Area Forecast Discussion
National Weather Service Albany NY
701 AM EDT Wed Apr 26 2017

A low pressure system over the Delmarva will slowly creep
northeastward along the coast today, bringing cloudy skies and some
light showers or drizzle. Gradual clearing is expected Thursday as
the system pulls away, along with warmer temperatures. A weakening
cold front will bring a chance of showers and a few thunderstorms
Thursday night into early Friday, with dry and warm weather expected
Friday afternoon.


As of 630 am, little uptick in shower/drizzle coverage this
morning, mainly from the Catskills/Hudson Valley eastward.
Hires models continue this activity into mid-morning before
diminishing. Slight update to PoPs to delay their diminishing

Nearly stacked upper low now spinning off the Delmarva coast
with the best moisture plume evident on water vapor imagery
targeting southeastern New England. Steady rainfall really
failed to materialize overnight due to weak/disorganized ascent.
Drier midlevel air evident on GOES-16 low-level water vapor
creeping into northern New Jersey and will continue to translate
into the ALY CWA today. Still have PoPs in place for much of the
day for the potential for spotty light showers and drizzle, as
forecast soundings indicate copious low-level moisture trapped
beneath a strong inversion. Forecast challenge today will be
with high temperatures. With low clouds noted upstream and all
guidance pointing to a cloudy day, have sided a couple degrees
cooler than the MET MOS, which itself is several degrees cooler
than the MAV MOS. NAM 2m temps may actually be a better bet,
which are cooler than the MET MOS. One cannot be too sure
however, since the airmass above the inversion is warm (H85
temps around 10C, and late April sunshine is strong. Highest
temps may end up being over the western Mohawk Valley where they
stand the best chance for some clearing today.

Weak flow tonight as the low shifts south of 40N/70W. Expect
mainly cloudy skies and perhaps a couple patches of drizzle and
light fog. Mild with lows in the upper 40s to mid-50s.


Thursday, brief shortwave ridging builds in as the coastal low
continues to drift away, and a shortwave trough ejects
northeastward across the Upper Midwest. The surface low will
move nearly due north across Lake Michigan and into northern
Ontario, remaining well west of our area. So while we will
technically be in the warm sector, we won`t see strong southerly
surface winds, and they will actually have a bit of an easterly
component. Model soundings continue to show moisture trapped
beneath the inversion, but with more of a clearing trend likely
by the afternoon. Have again sided with the cooler MET MOS, but
even that guidance is around 10F warmer than climo in the Hudson
Valley. Once again, the warmest temps should be found over the
western Mohawk Valley where they stand to see the most

Thursday night, weakening front from the Canadian low pressure
system will approach the region.

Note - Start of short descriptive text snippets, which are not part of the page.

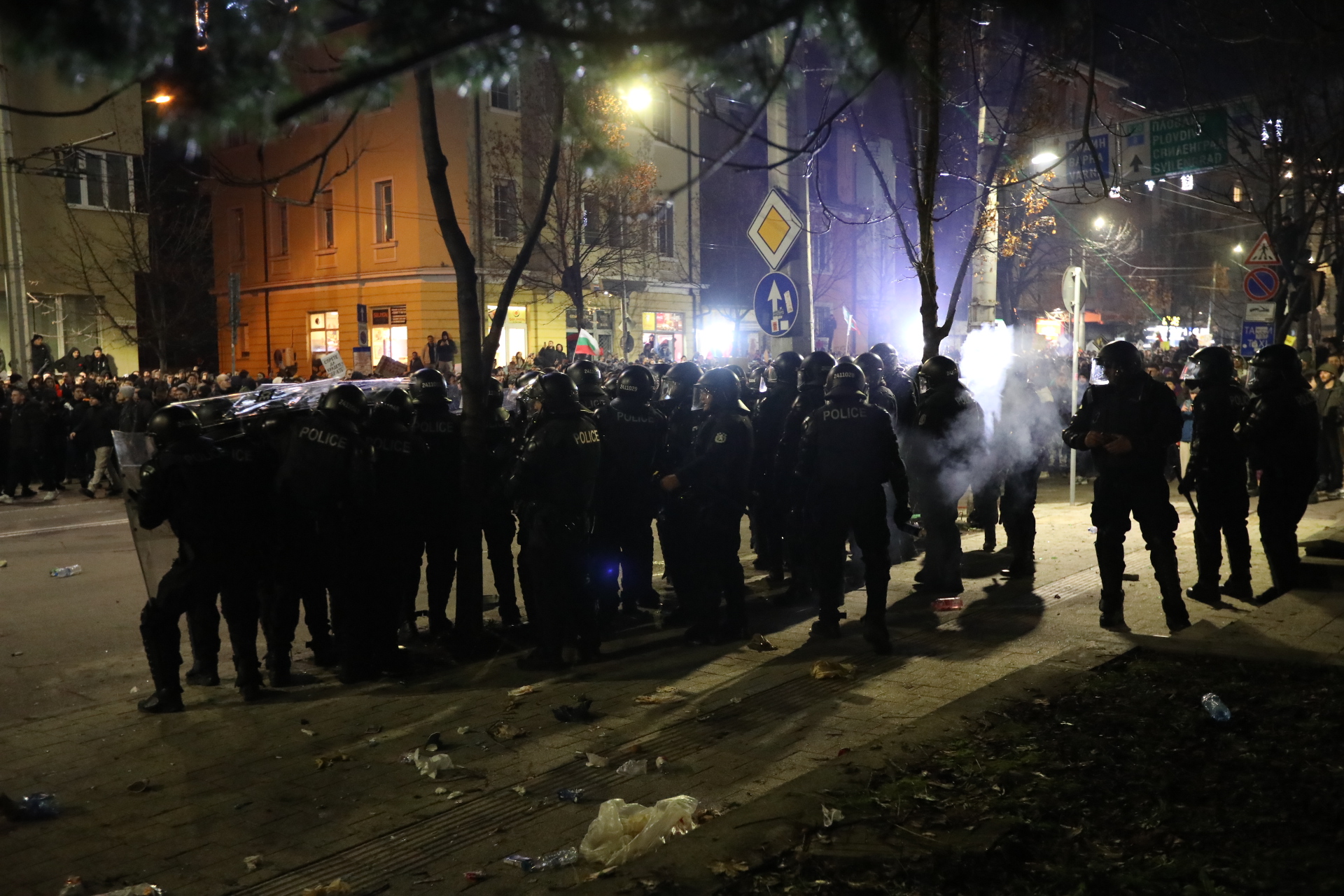 <p>Мирен протест, последван от сблъсъци с полицията, палежи, пострадали и задържани в София</p>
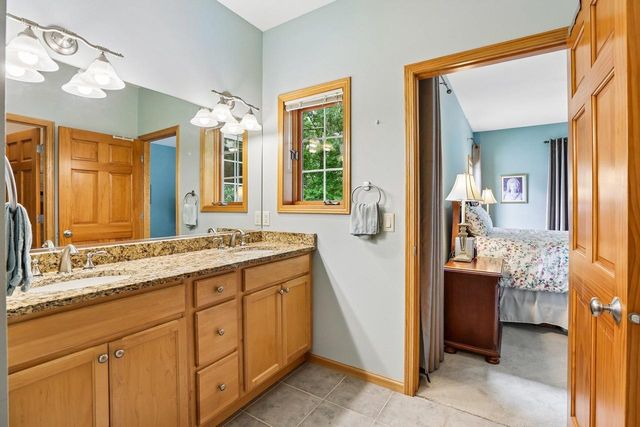 1802 Pineview Drive, Verona, WI 53593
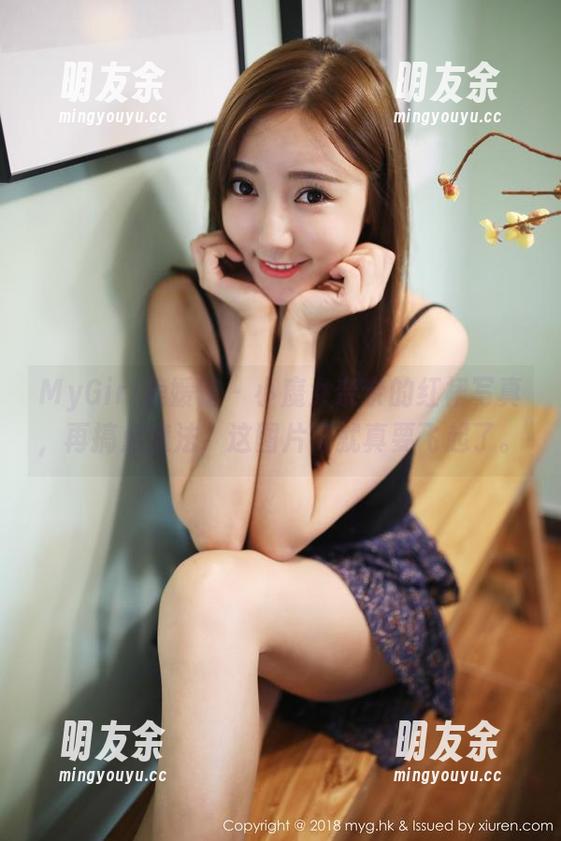 MyGirl美媛馆 - 小魔女奈奈的红裙写真，再搞点魔法，这图片可就真要飞起了。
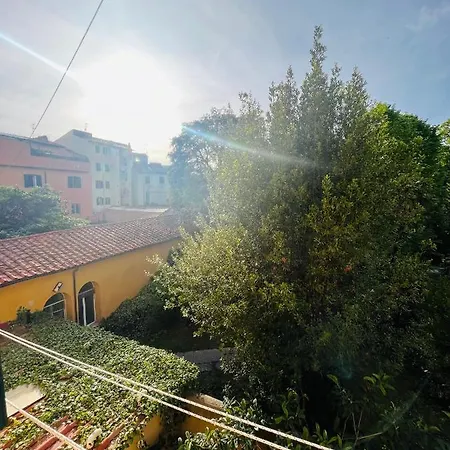 Casa L' Aurora Viola Apartment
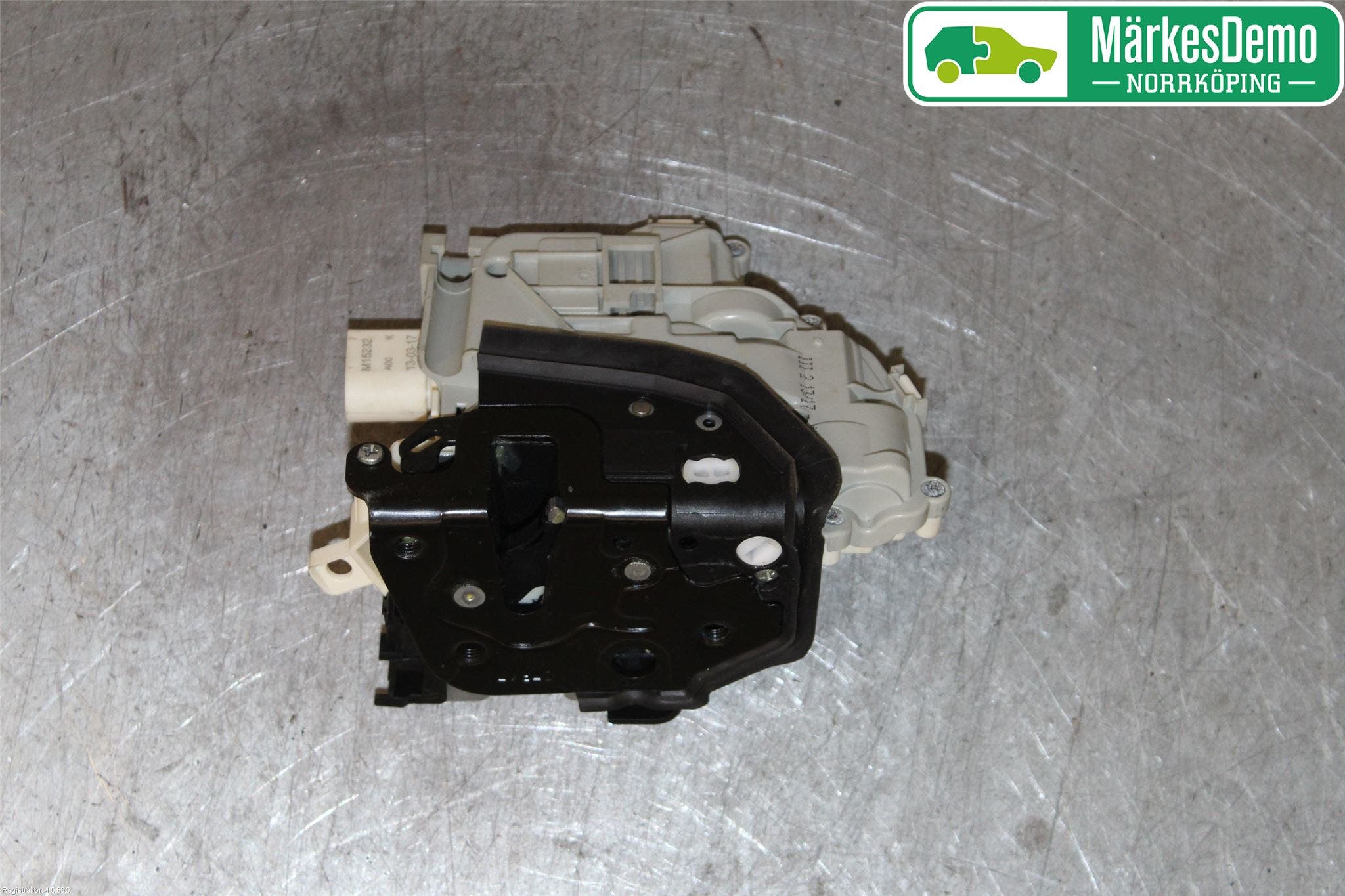 Audi Q5/SQ5 17- Låskista-Dörrlås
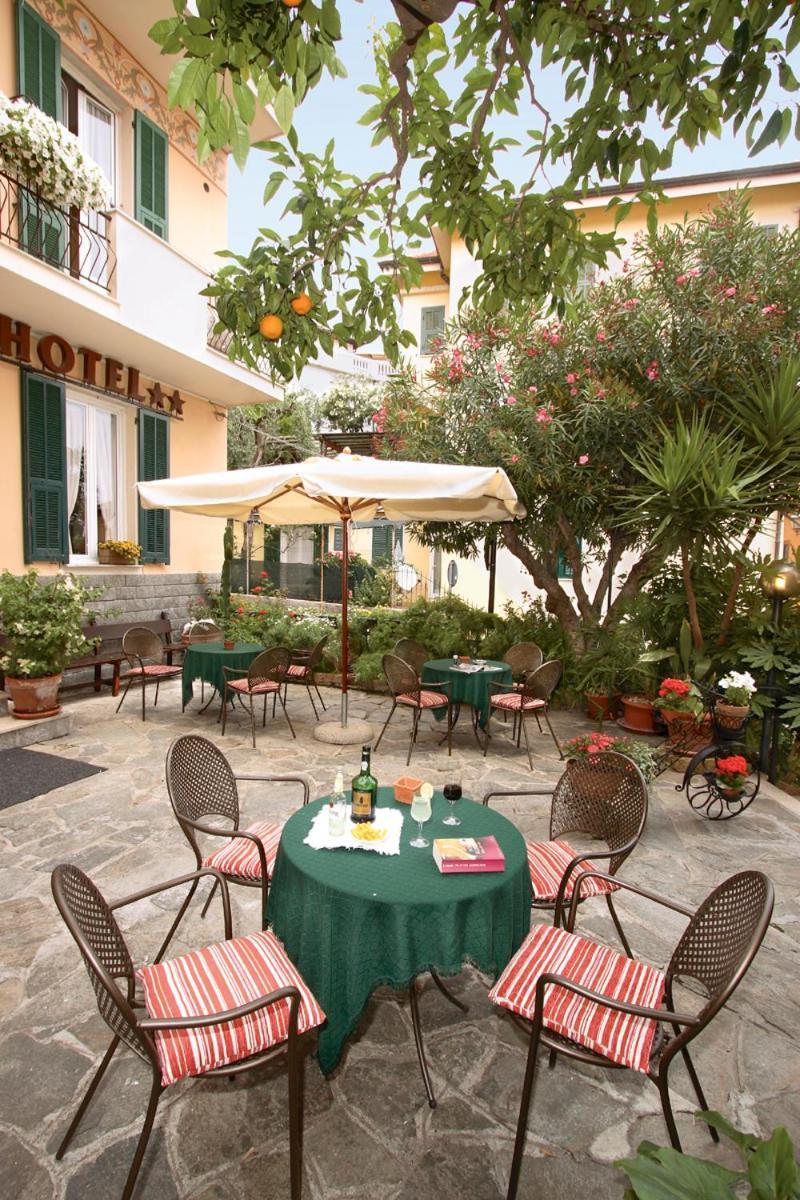 Hotel Villa Bianca ライグエーリア エクステリア 写真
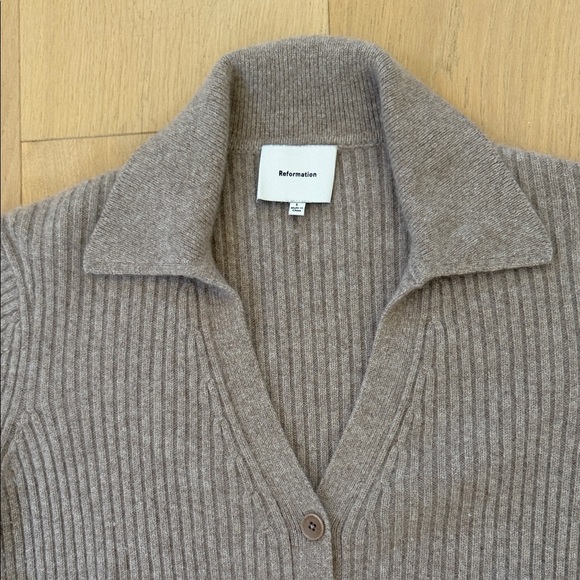 Reformation Shea Collared Cashmere Cardigan - Picture 2 of 4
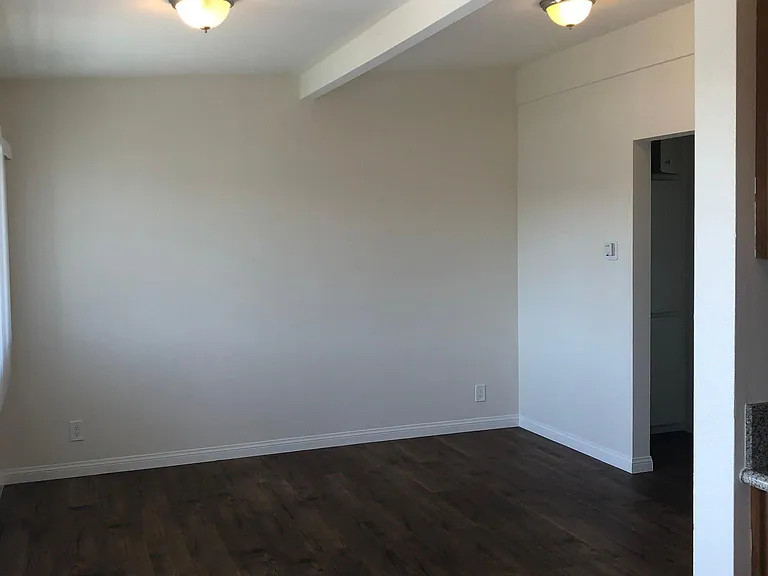 11821 Orange St — Photo 5
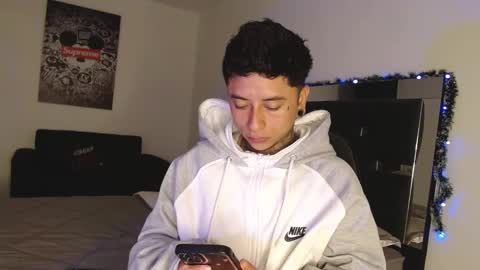 Snapshot of danny_stark chatting on 12-28-24, 12:04 Danny  online show from 12-28-24, 12:04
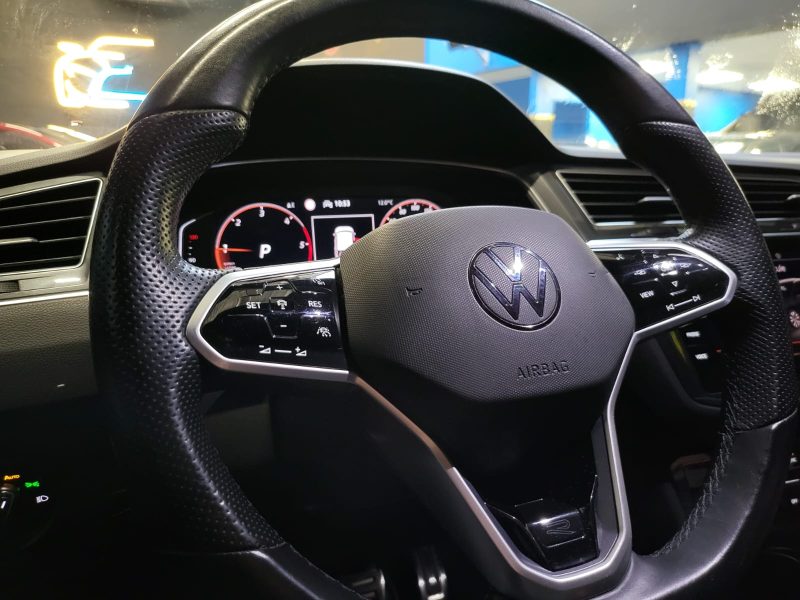 VOLKSWAGEN TIGUAN 2.0 TDi 150cv R-LINE 7 PLACES DSG7 ACC / VIRTUAL COCKPIT / 360°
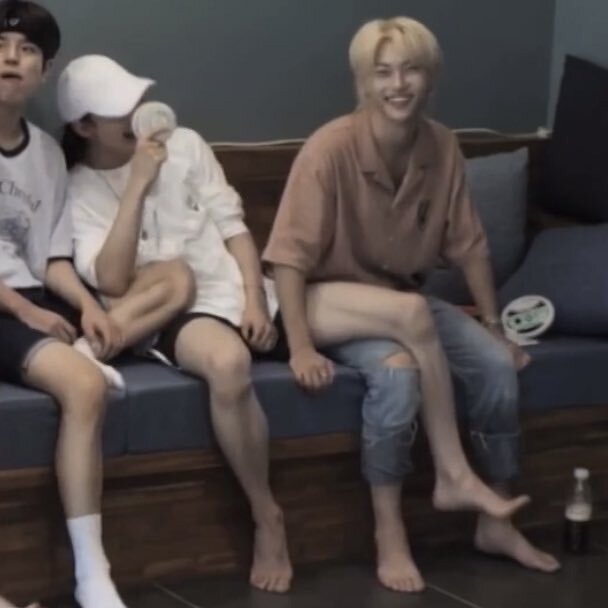 편한-사람이랑-붙어있으면-나오는-자세-6-이미지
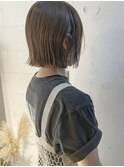 【三ツ井純】アッシュベージュカラー 透け感 切りっぱなしボブ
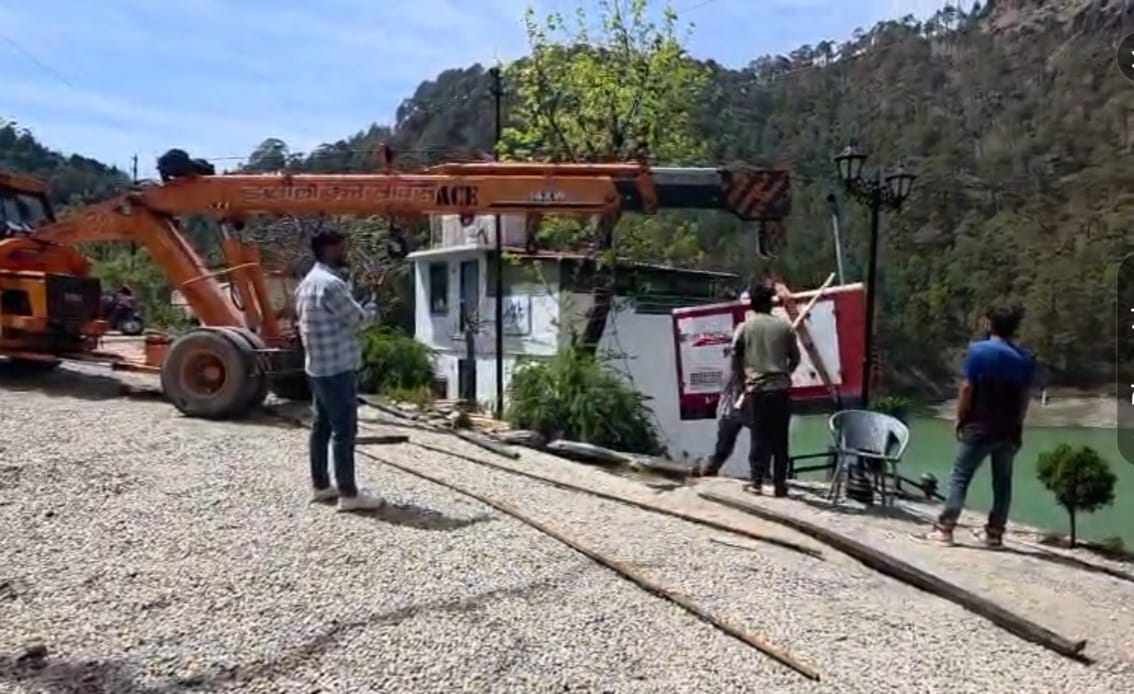 कुमाऊं आयुक्त के निर्देश पर खुर्पाताल में अतिक्रमण ध्वस्त, अभियान जारी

Convergence along the front and
height falls appear weak but nonzero, and lift may be augmented
by approaching poleward jet exit region. A bit of elevated
instability will be in place with modest midlevel lapse rates.
So, chance of showers and isolated t-storms into early Friday. A
clearing trend is expected Friday afternoon as drier air works
into the region. A very mild day with highs in the upper 60s to
upper 70s. Mild Friday night beneath upper ridging and light
southerly flow.


The extended forecast period will remain a bit unsettled with a
frontal boundary impacting the region for most of the weekend into
early next week.

The weekend opens with a stalled frontal boundary over upstate NY
and into New England.  The medium range guidance varies some with
the exact position and alignment of the stationary front.  In the
southwest flow aloft the 00Z GFS/Canadian GGEM do have a weak
impulse moving along the front for isolated to scattered showers and
isolated afternoon thunderstorms.  The 00Z ECMWF is the outlier with
zonal flow aloft, and high pressure building in quicker from south
of James Bay compared to the other guidance.  A warm day is expected
with H850 temps +10C to +16C from northwest to southeast over the
region to start the day, and low-level cold advection in the
afternoon with the front sagging south.  Highs will generally be in
the upper 50s to upper 60s north and west of the Capital Region and
Upper Hudson River Valley...with 70s from those locations south and
east, and even a few 80F readings near the mid-Hudson Valley.  Any
isolated to scattered showers should end quickly Sat night with the
cold front drifting south of the region with a Canadian Sfc High
building in for a short time with lows in the 40s to lower 50s,
except for some mid and upper 30s over the Adirondack Park, and
southern Greens.

Sunday may actually start off nice and dry with the sfc anticyclone
to the north, and also an H500 ridge trying to ridge from off the
Mid Atlantic Coast.  Clouds will be on the increase from the
west/southwest during the afternoon with a chance of showers west of
the Hudson River Valley, and slight chance to the east, as low
pressure moves into the central MS River Valley, and its attendant
warm front (the old cold front) moves northward from the OH Valley
and PA. There is also a slight chc of thunderstorms due to weak
elevated instability.  Better chances of showers Sunday night with
the warm front setting up just south and west of the forecast area
over PA and west-central.  Good isentropic lift and moisture
convergence with the boundary may continue the showers into Monday
morning.  Highs on Sunday will generally be in the mid and upper 60s
in the valley areas, and upper 50s to mid 60s over the hills and
mountains.  Lows Sunday night due to wet bulbing will be in the 40s
to lower 50s.

Monday into Tuesday...Some uncertainty with the forecast on Monday,
as a strong sfc cyclone moves into the Upper Midwest and western
Great Lakes Region.  The warm front placement is variable in the
deterministic and ensemble guidance.  A blend of the guidance
favored high chc/low likely pops for most of the region with a
chance of afternoon thunderstorms if we get into a warm sector ahead
of the cold front.  Modest amounts of instability are forecasted by
the latest 00Z GFS.  Sfc dewpts do get into the 50s.  The best
convergence with the cold front looks to be late Monday afternoon
into the nighttime period, so we continued high chc and likely pops
for showers and a slight/low chc of thunderstorms.  Highs Monday
were lowered some due to the rain cooled air and clouds possibly
lingering with 60s to lower 70s, as lows will only fall back into
the mid 40s to mid 50s.   The cold front drifts south of the region
Tuesday, but a short-wave pivoting around the H500 upper low south
of James Bay way focus some isolated to scattered showers, as temps
trend back to seasonal normals with highs in the 50s to lower 60s
over the higher terrain, and mid and upper 60s in the valleys.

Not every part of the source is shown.